*** Exercise data ***

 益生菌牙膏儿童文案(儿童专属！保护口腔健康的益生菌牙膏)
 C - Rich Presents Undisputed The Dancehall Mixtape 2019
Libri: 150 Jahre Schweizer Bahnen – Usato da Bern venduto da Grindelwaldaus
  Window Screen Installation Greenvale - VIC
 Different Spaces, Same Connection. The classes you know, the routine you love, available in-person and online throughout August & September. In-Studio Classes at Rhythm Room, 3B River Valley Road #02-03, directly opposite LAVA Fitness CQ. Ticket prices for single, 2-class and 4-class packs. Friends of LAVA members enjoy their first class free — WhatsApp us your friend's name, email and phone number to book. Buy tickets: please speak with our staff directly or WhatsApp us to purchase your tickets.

*** End of Exercise data ***
*** Exercise data ***

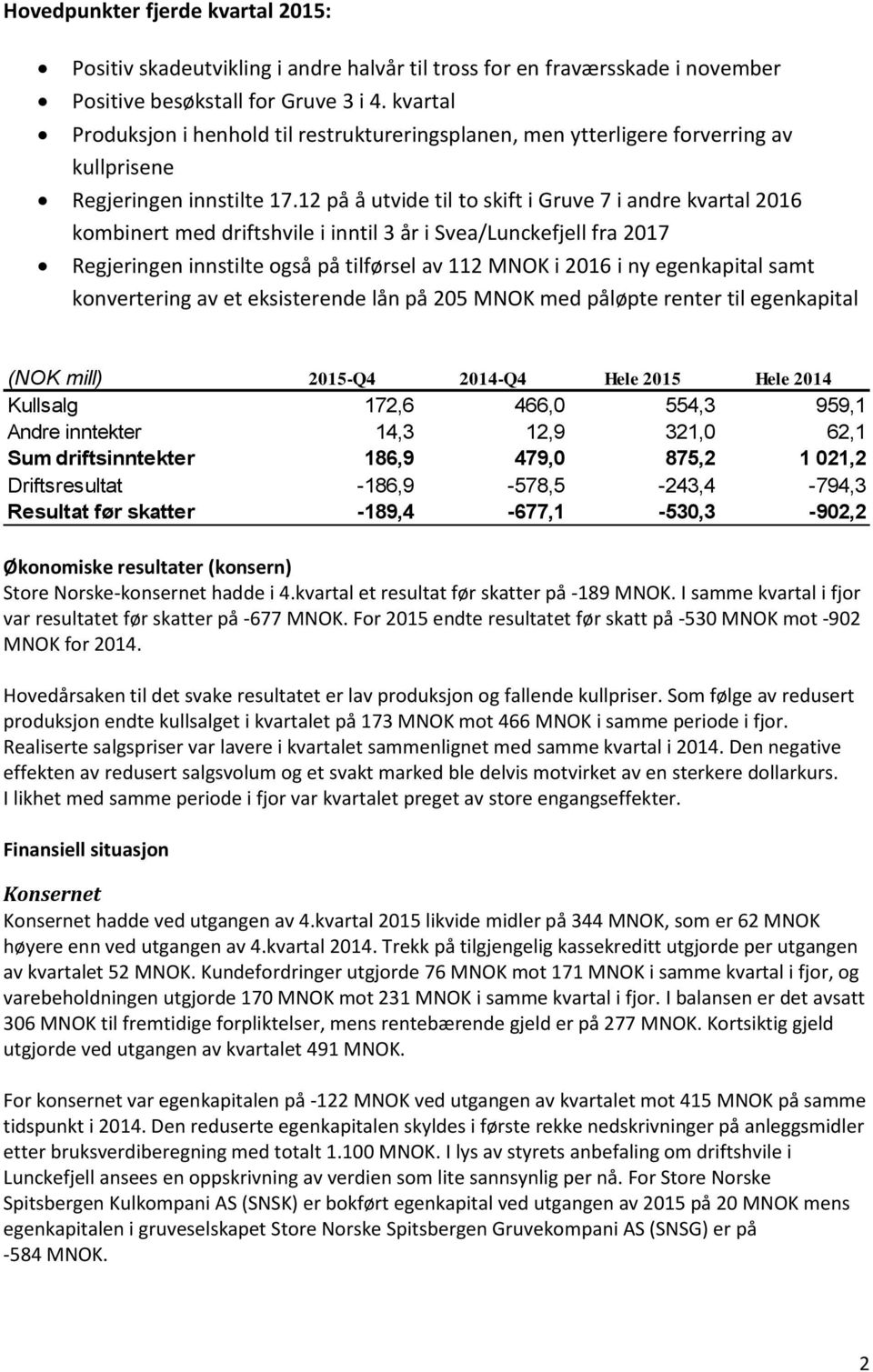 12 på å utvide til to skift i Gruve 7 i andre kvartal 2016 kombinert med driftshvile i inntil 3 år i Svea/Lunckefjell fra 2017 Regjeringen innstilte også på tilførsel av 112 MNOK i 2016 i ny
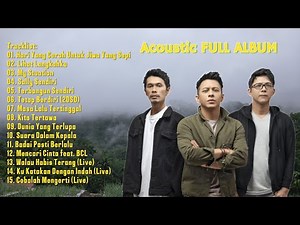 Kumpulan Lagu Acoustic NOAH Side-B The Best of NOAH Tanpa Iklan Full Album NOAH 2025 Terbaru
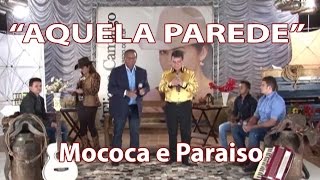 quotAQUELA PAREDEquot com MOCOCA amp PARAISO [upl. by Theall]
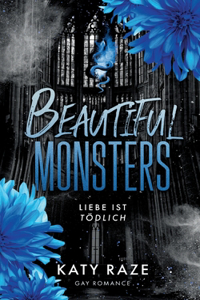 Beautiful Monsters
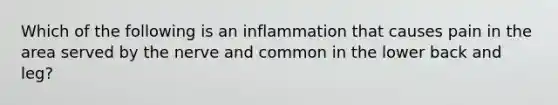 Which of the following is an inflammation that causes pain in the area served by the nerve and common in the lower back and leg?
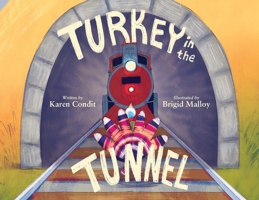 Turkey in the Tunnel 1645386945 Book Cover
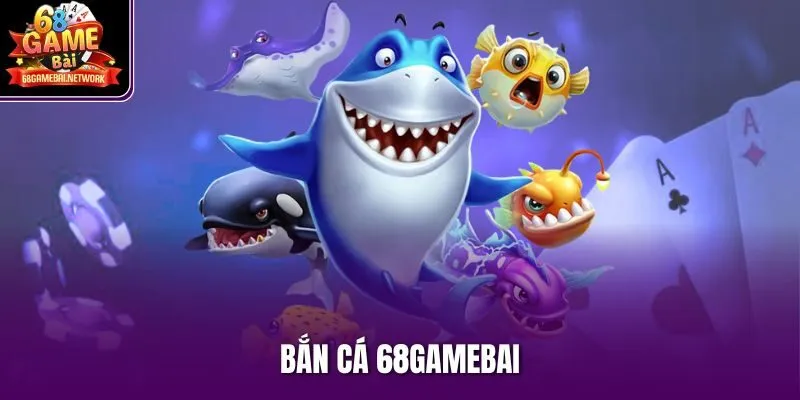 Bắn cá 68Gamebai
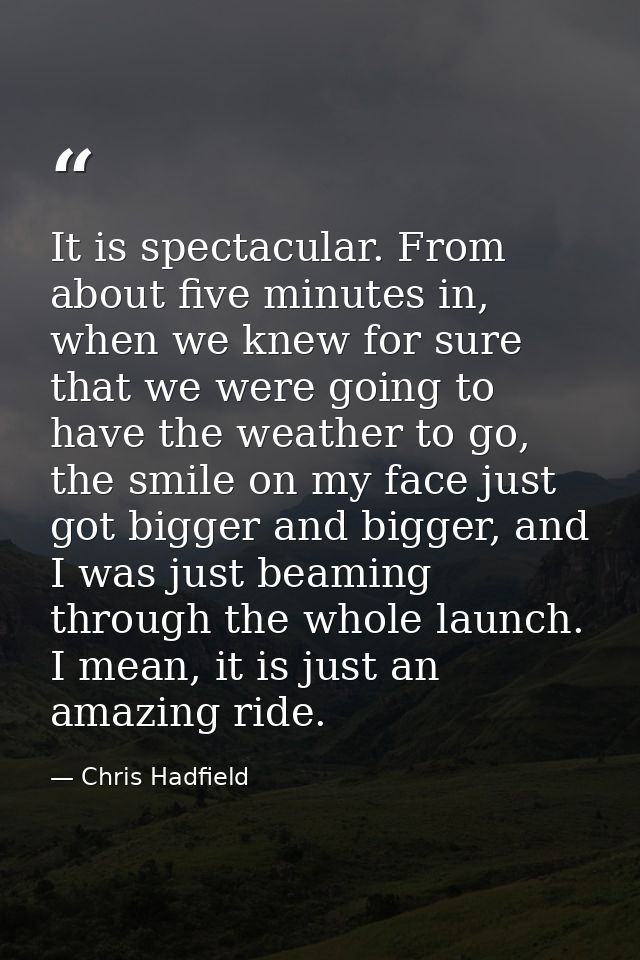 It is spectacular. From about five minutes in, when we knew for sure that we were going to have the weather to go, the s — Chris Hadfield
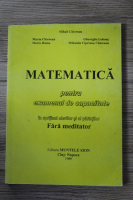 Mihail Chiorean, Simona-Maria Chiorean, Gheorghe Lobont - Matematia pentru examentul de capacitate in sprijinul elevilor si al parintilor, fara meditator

*** End of Exercise data ***

What is required:
Drop the pictures; return the lines above from the line containing "It is spectacular." to the line containing "Mihail Chiorean, Simona-Maria", both included, exactly.

Answer to this task:
 It is spectacular. From about five minutes in, when we knew for sure that we were going to have the weather to go, the s — Chris Hadfield
 Mihail Chiorean, Simona-Maria Chiorean, Gheorghe Lobont - Matematia pentru examentul de capacitate in sprijinul elevilor si al parintilor, fara meditator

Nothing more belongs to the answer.